A musical celebration of the 50 states. One song each week over the course of the year.

Oh, California. My adopted home, the muse of so many musicians over the years. How can I pick just one song for you?

This is almost certainly the most difficult state. You might make an argument for New York, but there the songs are really mostly all about one thing: the city itself. With California, the reach is expansive. California makes us dream.

Is your muse the beautiful city of fog by the Bay? Then you’ll want to make sure to wear flowers in your hair. Or keep an ear out for Otis Redding whistling down on the dock.

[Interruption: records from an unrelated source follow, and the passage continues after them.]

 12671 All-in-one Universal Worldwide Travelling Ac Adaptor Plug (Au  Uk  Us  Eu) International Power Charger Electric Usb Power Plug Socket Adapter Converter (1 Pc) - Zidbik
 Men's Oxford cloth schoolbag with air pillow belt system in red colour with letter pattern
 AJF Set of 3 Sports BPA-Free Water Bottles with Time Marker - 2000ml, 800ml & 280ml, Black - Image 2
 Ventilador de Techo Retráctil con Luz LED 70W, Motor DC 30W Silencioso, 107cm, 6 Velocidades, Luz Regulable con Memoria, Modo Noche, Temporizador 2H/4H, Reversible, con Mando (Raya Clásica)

You might catch the San Francisco Bay Blues, or you might lose your head there waiting for the fog to roll out.

Or go south, to the beaches of Malibu and Santa Monica, where the surf is high and palm trees bend in the wind. It’s a particularly powerful vision on such a winter’s day. But watch out for the vampires walkin’ through the valley. The celluloid heroes of Hollywood that drift around you.

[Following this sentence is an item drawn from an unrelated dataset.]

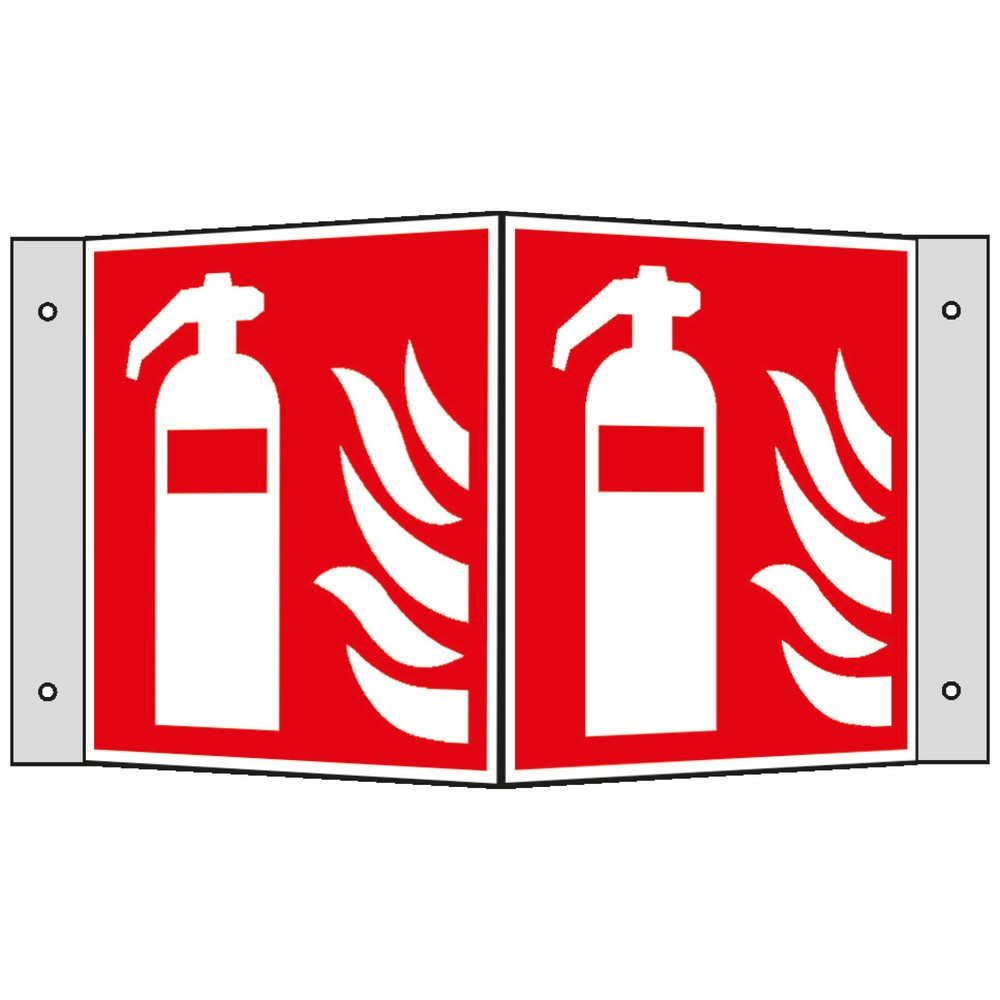 SafetyMarking® Feuerlöscher mit Flammen, Winkel, HxB 150 x 150 mm, Alu HI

And then there are the women. Those California Girls. Fine, fresh, fierce…you wish they all could be like that. Or maybe you hate California girls. Maybe you’re looking for a lucky little lady in the City of Light. Or just another lost angel?

Or maybe for you California is the land of Bad Religion, of The Descendents, of Social Distortion. It’s California Uber Alles.

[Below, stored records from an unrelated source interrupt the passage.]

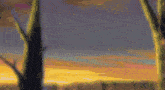 a pixelated painting of a sunset with trees in the foreground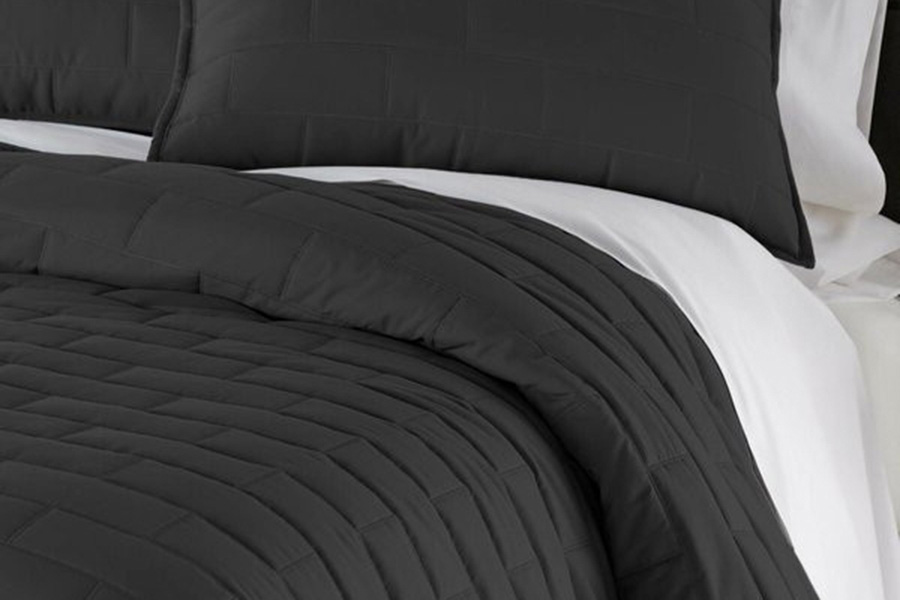 FaFurn - Modern Brick Stitch Microfiber Reversible 3 Piece Comforter Set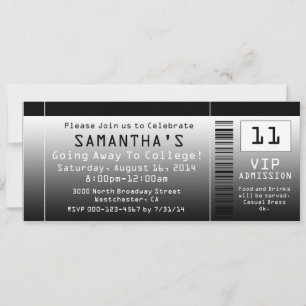 Going Away Ticket Invitations, Black + White Invitation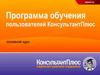 Программа обучения пользователей Консультант Плюс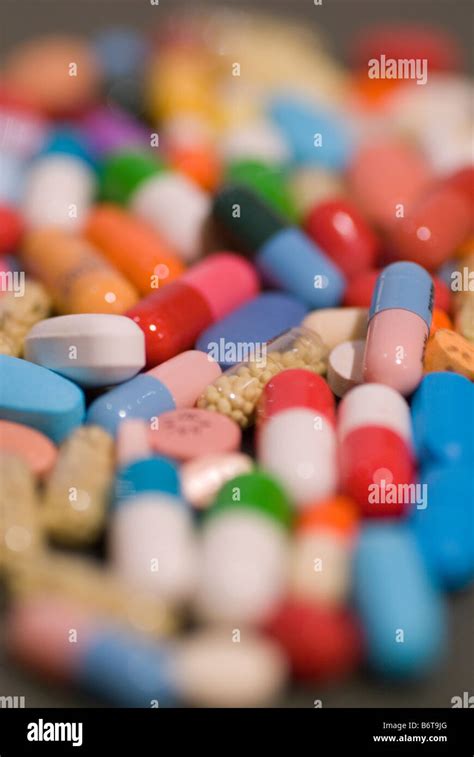 assorted pills drugs medicine tablets capsules Stock Photo - Alamy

Or it’s the world of Compton and Watts, of South Central, and you hear the refrain of gunshots and the stomp of police boots.

I could go on forever. But ultimately I still need to pick one song. And for me it came down to three possibilities. One is pure schlock, but such wonderful schlock. The second steps beyond the specificities to tap into something far more eternal. And the third…well, ultimately it had to be the third.

So the first one is Phantom Planet’s “California.” You may remember it as the theme song to The OC, and it (of course) is nowhere near the best song about California. But in some ways it’s absolutely the most appropriate.

The second is “California Stars” by Wilco and Billy Bragg, lyrics written by Woody Guthrie – most likely composed at some point in the midst of the Great Depression. It manages to feel absolutely at home in either era. It’s a timeless classic.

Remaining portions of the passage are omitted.